The crate is not a general BLAS replacement. It focuses on the small exact vector and matrix objects that geometry, predicates, solvers, and domain crates repeatedly need.

Hyper Ecosystem

hyperlattice is the object-algebra layer between scalar facts and topology/domain crates. It owns the fixed-size vector, matrix, point, shared-scale, and homogeneous projective carriers that predicate and geometry crates reuse.

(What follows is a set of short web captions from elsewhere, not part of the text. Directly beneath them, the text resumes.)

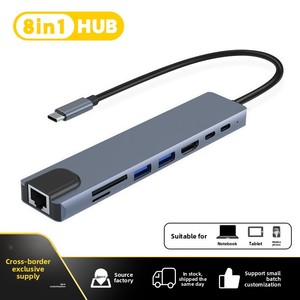 Base de Conexión Tipo-C 8 en 1 de Aleación de Aluminio, Hub USB PD 100W, USB 3.0, RJ45 para Expansión de 100 <span class=keywords><strong>Mbps</strong></span> - Product Image 4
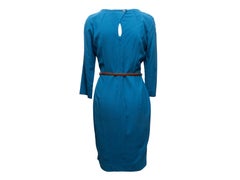 Blue Fendi Long Sleeve Belted Dress Size IT 44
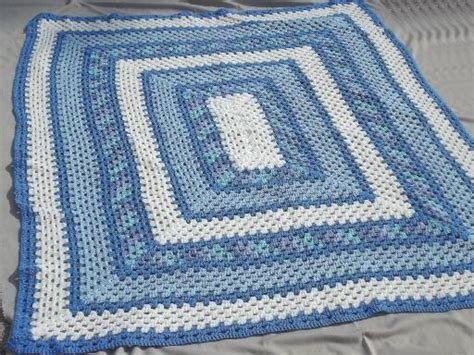 Vintage Blue And White Crochet Afghan Huge Crocheted Granny Square Blanket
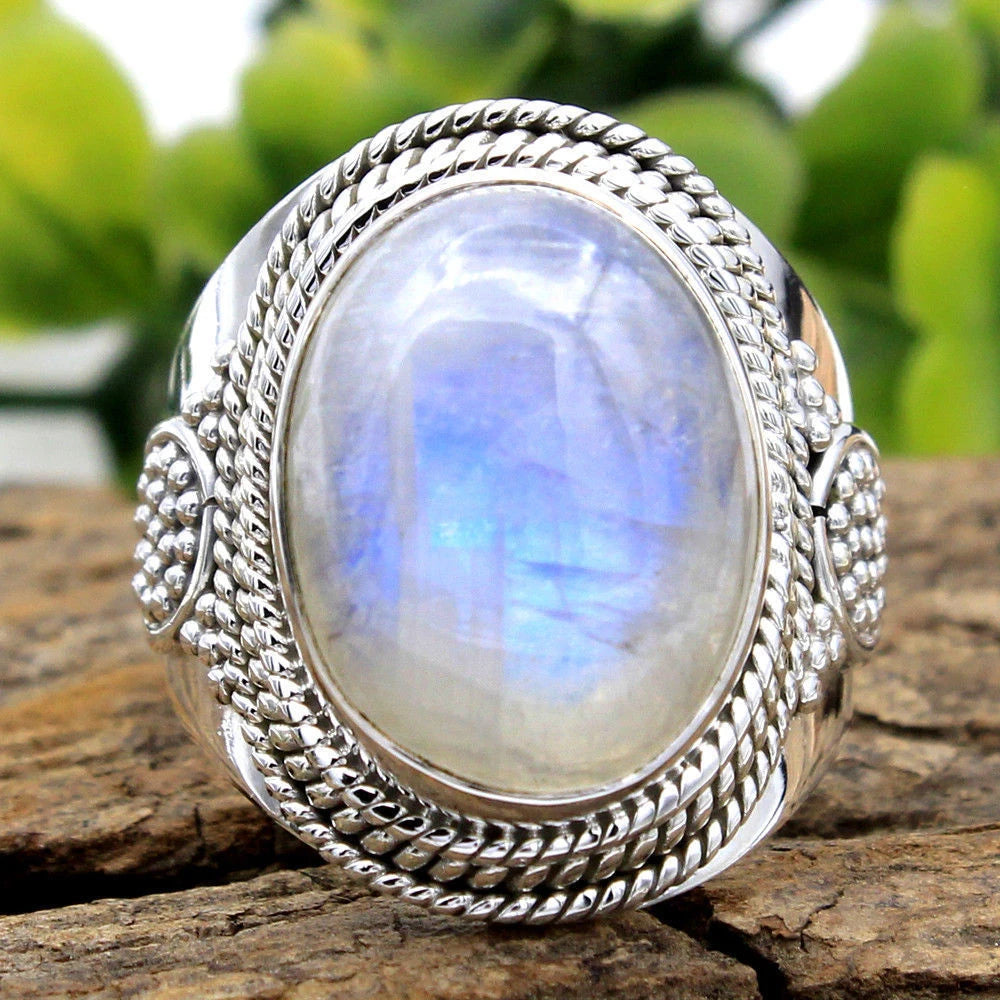 Oval Moonstone Retro Silver Ring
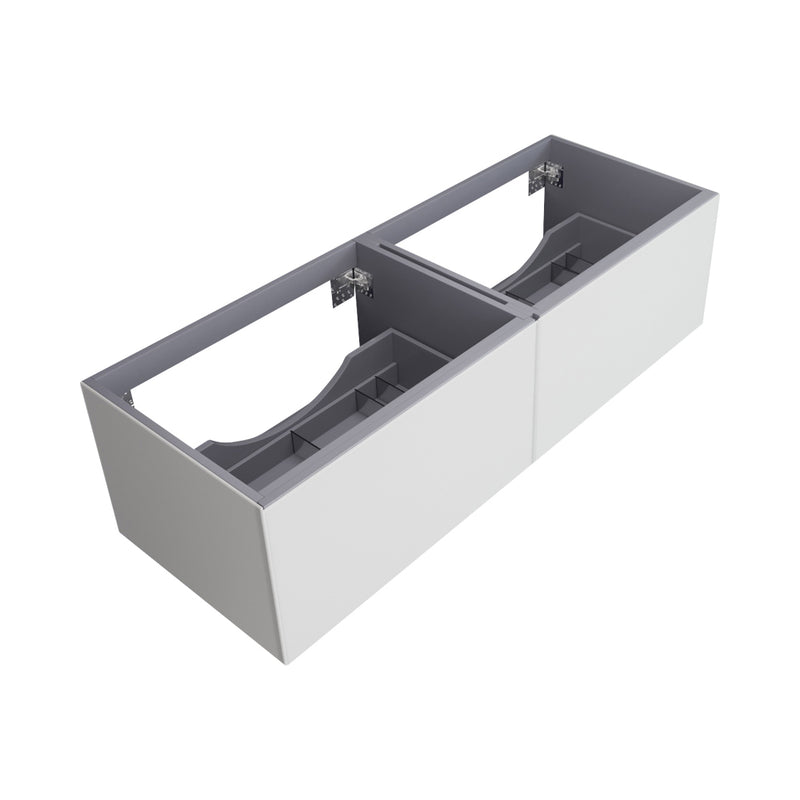 Laviva 313VTR-60DCW Vitri 60" Cloud White Double Sink Wall Hung Bathroom Vanity Cabinet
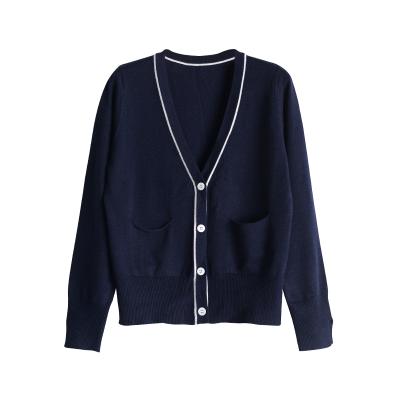 China V-Neck Sweater Pullover Anti-Shrink Short Casual Wool Knitted Cardigan Jacket Women for sale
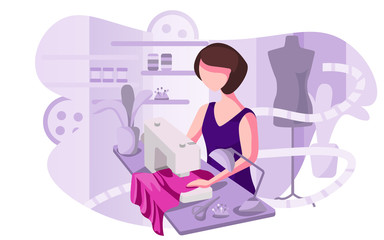 Girl seamstress at work. Fashion designer. Clothes design, women sew apparel. Sewing studio. Dressmaking business, atelier advertising poster concept. Sewing machine. Hobbies, needlework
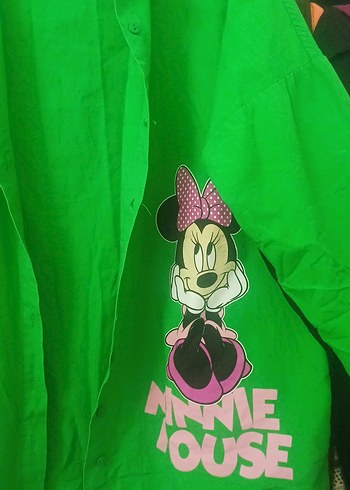 universal Beden Yeşil mickey mouse baskılı gomlek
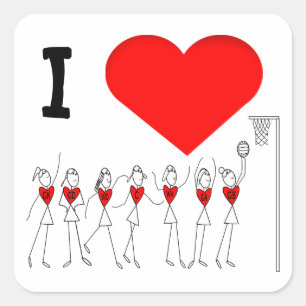 Sticker Carré I Love Netball Positions Stick Figures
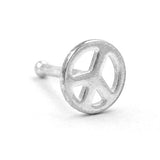 Nasenstecker, PEACE, Kugel, Silber 925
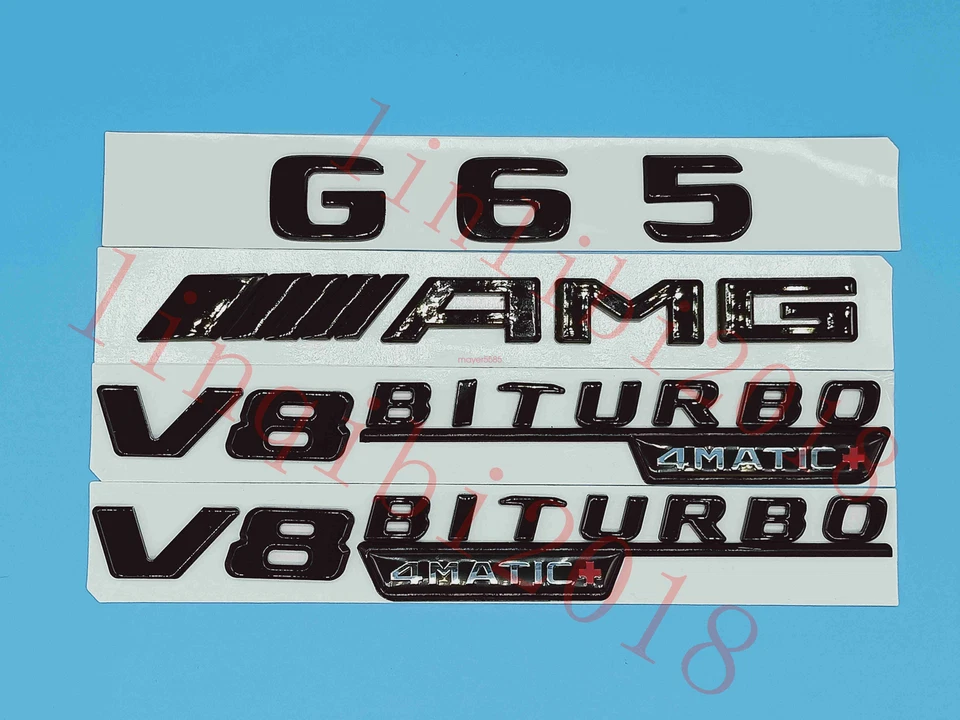 Adhesivo negro brillante plano G65 AMG V8 BITURBO maletero emblemático insignia para Mercedes Benz Foto 1 de 4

  • hyperreal: exact rational, symbolic, and computable scalar arithmetic.
  • hyperlimit: exact predicates, escalation policy, and predicate provenance over lattice-owned objects.
  • hypercurve: planar curves, contours, regions, offsets, and boolean-boundary work.
  • hypertri: polygon triangulation, Delaunay, constrained Delaunay, and D-dimensional topology.
  • hypermesh: 3D mesh validation, topology, and exact-aware boolean preflight.
  • hyperbrep: retained BREP topology, planar surfaces, trim evidence, tessellation manifests, and mesh handoff reports.
  • hypersdf: signed-distance and implicit-field carriers with exact-aware sampling, classification, mesh, and voxel handoffs.
  • hypersolve: symbolic residuals, solver preparation, interval/root certification, and candidate replay.
  • hyperpath: routing, CAM, PCB path, provenance, and path-domain residual builders.
  • hypervoxel: exact-aware voxel frames, sparse-grid facts, and storage/adapter manifests.
  • hyperphysics: exact-aware materials, shapes, mass properties, contact, fields, and simulation handoff reports.
  • hypercircuit: circuit MNA carriers, exact residual replay, nonlinear-device reports, and electrothermal coupling.
  • hyperparts: source-attributed part, interface, process, and compatibility facts.
  • hyperpack: exact-aware packing models, proposal reports, and feasibility replay.
  • hyperevolution: exact-aware search, fitness, archive, and replay-policy carriers.
  • hyperdrc: PCB design-readiness checks and manufacturing package evidence.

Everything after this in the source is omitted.